Rector’s Restaurant, NYC
My vintage cookbook from Rector’s, a competitor to New York City’s Delmonico’s in the 1880s, has several devilish recipes, none of which are terribly spicy.
Deviled Oysters does not sound too extreme with its “pinch of cayenne in oyster liquor and hot milk and cream to sauce the oysters.
Stuffed Deviled Crab Rector uses one pound of crab meat with a cream sauce that is seasoned with a few grains of cayenne and a teaspoon of dry mustard, Worcestershire sauce. Again, not too devilish hot.
Deviled Virginia Ham á la Rector achieves devilishness by simply smearing mustard on the ham and sprinkling with breadcrumbs. The ‘á la Rector’ comes in the presentation–surrounded by a ring of rissotto.
The Rector Stuffed Eggs sound a lot like our deviled eggs. The recipe calls for mixing the yolks with parsley, cream (instead of mayonnaise). The eggs are seasoned with salt and pepper and a few grains of cayenne. George Rector also presents a recipe for hard boiled eggs stuffed with a pate de fois gras mixture. He assures the homemaker that they will perfectly acceptable if you use liverwurst instead of fois gras.
See a common thread here? Cayenne pepper. Recipes commonly call for mustard in deviled foods.
Let’s jump up to the 1920’s and look at my vintage Buffalo Cooking School Cook Book. This book, inherited from my great aunt Maud, lists Deviled Crabs, Deviled Eggs, Deviled Fowl, Deviled Oysters, Deviled Sandwiches, and Deviled Tomatoes.
Those last two intrigued me. But I don’t think I’ll be making deviled sandwiches any time soon. Here’s the description:
Deviled Sandwiches. On Boston Brown Bread, you spread a mixture of almonds, sweet pickles, Worcestershire sauce, chutney, and cottage cheese, seasoned with a little paprika. UGH!
Deviled Tomatoes sound a bit more promising. Cook slices of tomatoes in butter, sauce with butter, mustard, sugar, hard cooked egg yolk and a raw egg, seasoned with mustard and vinegar.
Deviled Eggs. This book has a totally different take on deviled eggs. Instead of stuffed hard cooked eggs, they slice the hard cooked eggs. Then they warm them in a sauce of catsup (!), mustard, butter, a little paprika and Worcestershire sauce.
I’ll save a discussion of Devil’s Food Cake for next Halloween, but if you want to read even more about devilish foods, this Smithsonian article covers everything.
Now on to my favorite--Deviled Eggs, as they are generally made today– with mayonnaise and mustard added to the yolks. According to the History channel, commercially made mayo didn’t come along until early in the 20th century. That may explain the Rector recipe that uses cream.

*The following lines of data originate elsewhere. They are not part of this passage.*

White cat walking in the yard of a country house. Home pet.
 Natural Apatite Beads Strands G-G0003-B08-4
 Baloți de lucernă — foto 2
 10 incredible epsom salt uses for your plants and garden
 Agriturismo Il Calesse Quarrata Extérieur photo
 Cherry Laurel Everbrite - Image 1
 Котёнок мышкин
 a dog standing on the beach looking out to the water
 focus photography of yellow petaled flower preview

At any rate, the least devilish item I can think of, and one of my family’s favorites, Deviled Eggs.
By the way, the argument continues to rage at our house about which sandwich spread is best for all things–including deviled eggs–Miracle Whip or Kraft’s Mayonnaise. Oh well, there are worse things for a family to fight over. But this family split guarantees that I’m not taking sides on which you use in your deviled eggs.
Why is Miracle Whip not “mayo”? Because food standards call for 65% vegetable oil in mayonnaise, and Miracle Whip has something less than that. That makes some people like it because of its taste emphasis on sweet and spicy rather than oily. But, whatever works for you and your family is what should go into your deviled eggs.